Te laisser me faire mal, encore, pour voir mon rictus dans le miroir et se dire que c'est moi, te laisser me faire mal encore, pour voir la larme couler et contempler ses reflets.
Parce que c'est d'une beauté inoubliable, inavouable, cette destruction, n'est ce pas? C'est d'une beauté que la plupart ne verront pas.

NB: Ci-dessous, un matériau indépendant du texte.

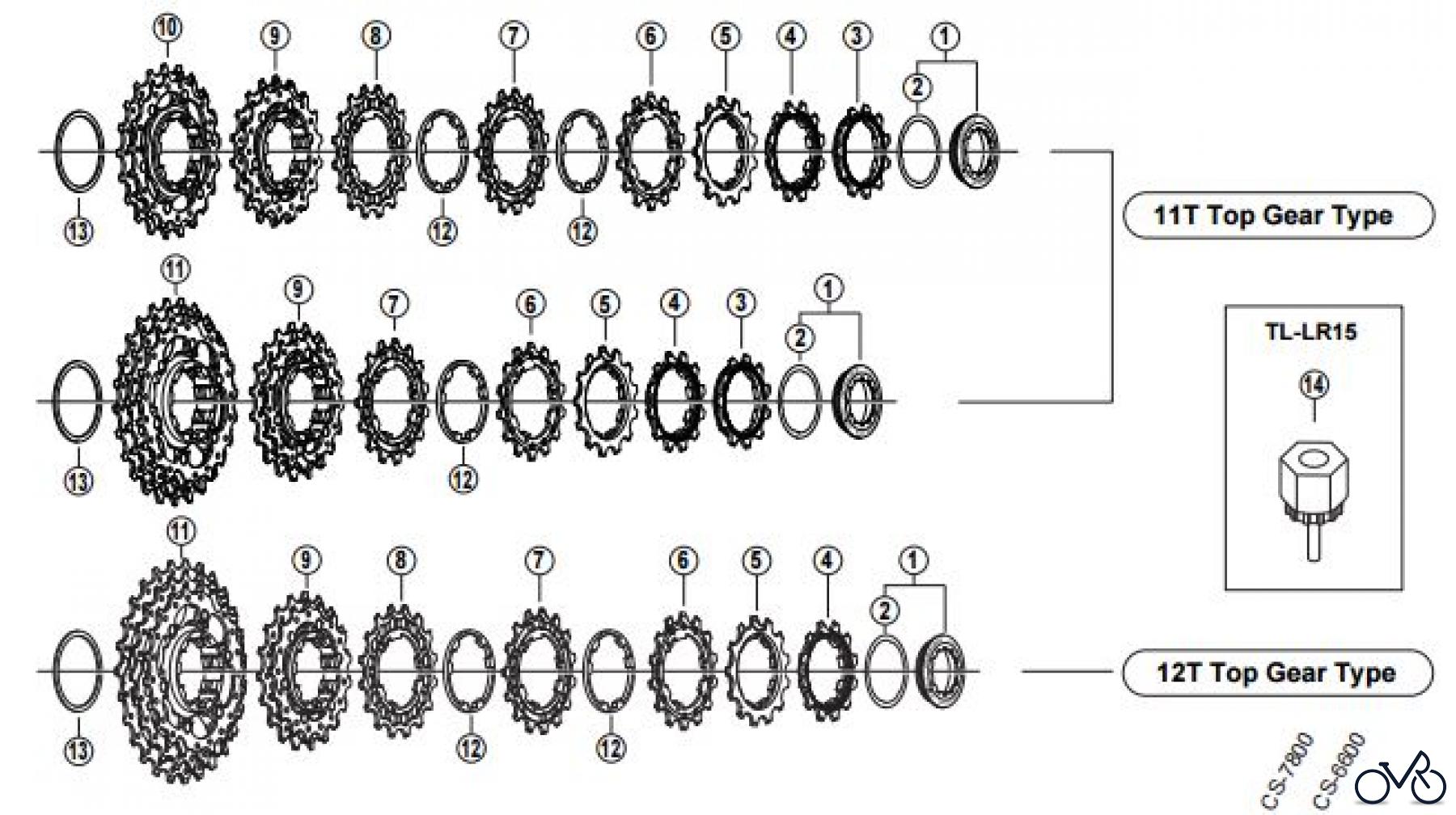 Shimano CS Cassette / Zahnkranz CS-7900 DURA-ACE Cassette Sprocket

Et on a beau ployer au moindre souffle, au moindre murmure imaginaire, on a beau raser terre a chaque mot, on ne casse pas, toujours sur le fil, mais jamais au delà, équilibre improbable, instable et fragile et pourtant si durable.
On étire nos douleurs, on les sculpte, on les affûte, on les trempe dans l'encre et on les pose sur les feuilles. On les conserve, on les prolonge, on les caresse, car après votre départ ce sont les seules traces qui nous restent de vous.
On chérit nos blessures, comme on vous chérissait jadis, et elles ne se referment jamais vraiment, juste un peau, sur la peau, dans longtemps, mais elles sont toujours prêtes a rouvrir leurs gueules béantes qui vous terrifient et nous rassurent.
On est ravagés, le sourire aux lèvres, fiers de voir a quel point on saigne et constater qu'on tient encore debout.